Southeast Asia is home to some of the planet’s most carbon-dense and biodiverse mangrove ecosystems. There is still much uncertainty with regards to the timing and magnitude of changes in mangrove cover over the past 50 years. While there are several regional to global maps of mangrove extent in Southeast Asia for the early 21^st century, data prior to the mid-1990s are limited due to the scarcity of Earth Observation (EO) data of sufficient quality and the historical limitations to publicly available EO data.

This map of mangrove extent served as a baseline to analyze changes in mangrove distribution in Southeast Asia from 1970s through 2020 (Baltezar et al., 2023).

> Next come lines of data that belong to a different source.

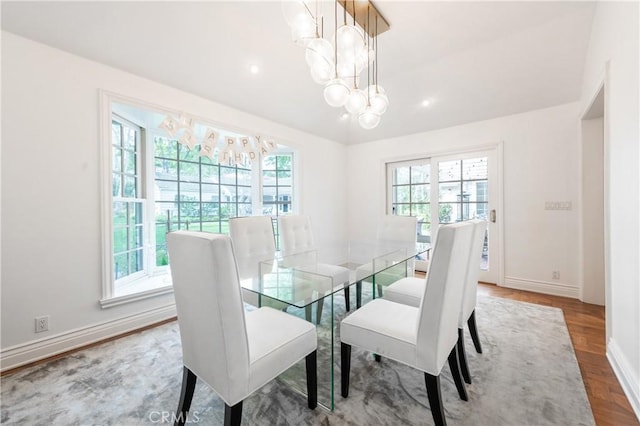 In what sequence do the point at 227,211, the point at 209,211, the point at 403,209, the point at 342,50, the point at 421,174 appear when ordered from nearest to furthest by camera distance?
the point at 342,50
the point at 209,211
the point at 227,211
the point at 421,174
the point at 403,209

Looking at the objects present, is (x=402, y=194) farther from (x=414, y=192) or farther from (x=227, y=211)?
(x=227, y=211)

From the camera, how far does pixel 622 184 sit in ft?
5.45

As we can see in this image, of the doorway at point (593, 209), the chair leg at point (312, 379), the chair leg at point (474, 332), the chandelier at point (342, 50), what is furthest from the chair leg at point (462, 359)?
the doorway at point (593, 209)

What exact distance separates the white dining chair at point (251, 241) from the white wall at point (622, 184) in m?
2.37

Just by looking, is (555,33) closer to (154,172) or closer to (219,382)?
(219,382)

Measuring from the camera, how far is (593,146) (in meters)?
2.87

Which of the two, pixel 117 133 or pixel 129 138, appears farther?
pixel 129 138

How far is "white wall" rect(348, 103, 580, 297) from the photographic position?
3.09m

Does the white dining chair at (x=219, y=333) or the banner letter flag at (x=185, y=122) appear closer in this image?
the white dining chair at (x=219, y=333)

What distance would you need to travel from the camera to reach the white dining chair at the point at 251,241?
228cm

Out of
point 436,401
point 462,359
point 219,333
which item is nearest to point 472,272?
point 462,359

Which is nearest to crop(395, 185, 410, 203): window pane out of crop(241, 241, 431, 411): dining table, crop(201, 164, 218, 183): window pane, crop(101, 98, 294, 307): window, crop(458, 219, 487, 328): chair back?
crop(241, 241, 431, 411): dining table

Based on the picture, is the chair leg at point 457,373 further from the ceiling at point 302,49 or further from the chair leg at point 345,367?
the ceiling at point 302,49

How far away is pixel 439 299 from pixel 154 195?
9.93 ft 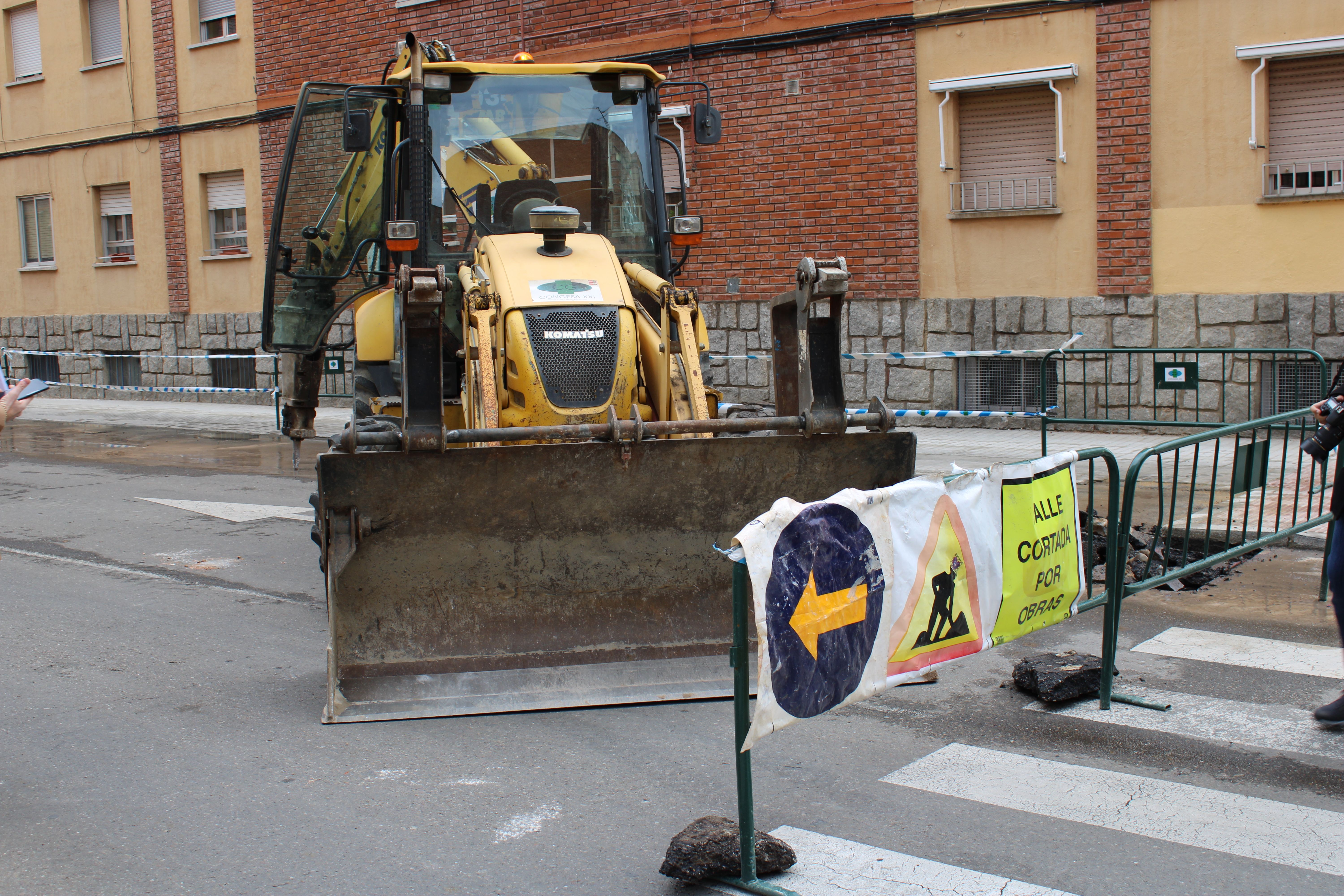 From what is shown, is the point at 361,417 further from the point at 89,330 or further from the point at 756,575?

The Random Forest classification of mangrove and non-mangrove was assessed using a random stratification approach. The area proportions for the mangrove and non-mangrove classes were 16% and 84% of the total study area, and the sample allocation was based on the smaller area proportion class (mangrove). The anticipated accuracy was 70% and a proportion of 20% for the mangrove class, and a target standard error of 1%. This leveraged a set of 300 samples for the non-mangrove class and a set of 67 samples for the mangrove class. Each sample was inspected in original Landsat MSS imagery and Google Earth imagery. Accuracy assessments indicated that the classification for the mangrove and non-mangrove class had a producer accuracy of 80% and 98%, respectively; user accuracy of 90% and 96%; and an overall accuracy of 95% .

This dataset is a classification of mangrove extent using Landsat 1-2 MSS Tier 2 data (LMSS) from 1972-1977 for three Southeast Asian countries: Myanmar, Thailand, and Cambodia. Mangrove extent was generated using a Random Forest machine learning algorithm that effectively mapped a total of 15,420.51 km2 at the nominal Landsat scale of 30 m.

Coastal areas were delineated to subset the LMSS data needed for processing. A coastal mask was generated to include all potential mangrove areas (Figure 1). The mask included: the known extent of more current mangroves and coastal wetlands based on the global Wetland Extent Map (Mcowen et al., 2017) and the Global Mangrove Watch dataset (GMW, Bunting et al., 2022), areas within 10 km of the shoreline, based on the global shorelines data (Sayre et al., 2019) and areas lower than 20 m elevations based on the Shuttle Radar Topography Mission (SRTM) DEM (Farr et al., 2007; Yang et al., 2011).

LMSS scenes for 1972 to 1977 within the study area were selected and modified to mask out cloud cover and correct to top-of-atmosphere reflectance. These scenes were combined into a single mosaic and a series of vegetation indices were calculated to serve as input for classification model development: simple ratio (SR), normalized difference vegetation index (NDVI), the normalized difference water index (NDWI), the combined mangrove recognition index (CMRI), the soil-adjusted vegetation index (SAVI), the optimized soil-adjusted vegetation index (OSAVI), and the greenness chlorophyll vegetation index (GCVI). 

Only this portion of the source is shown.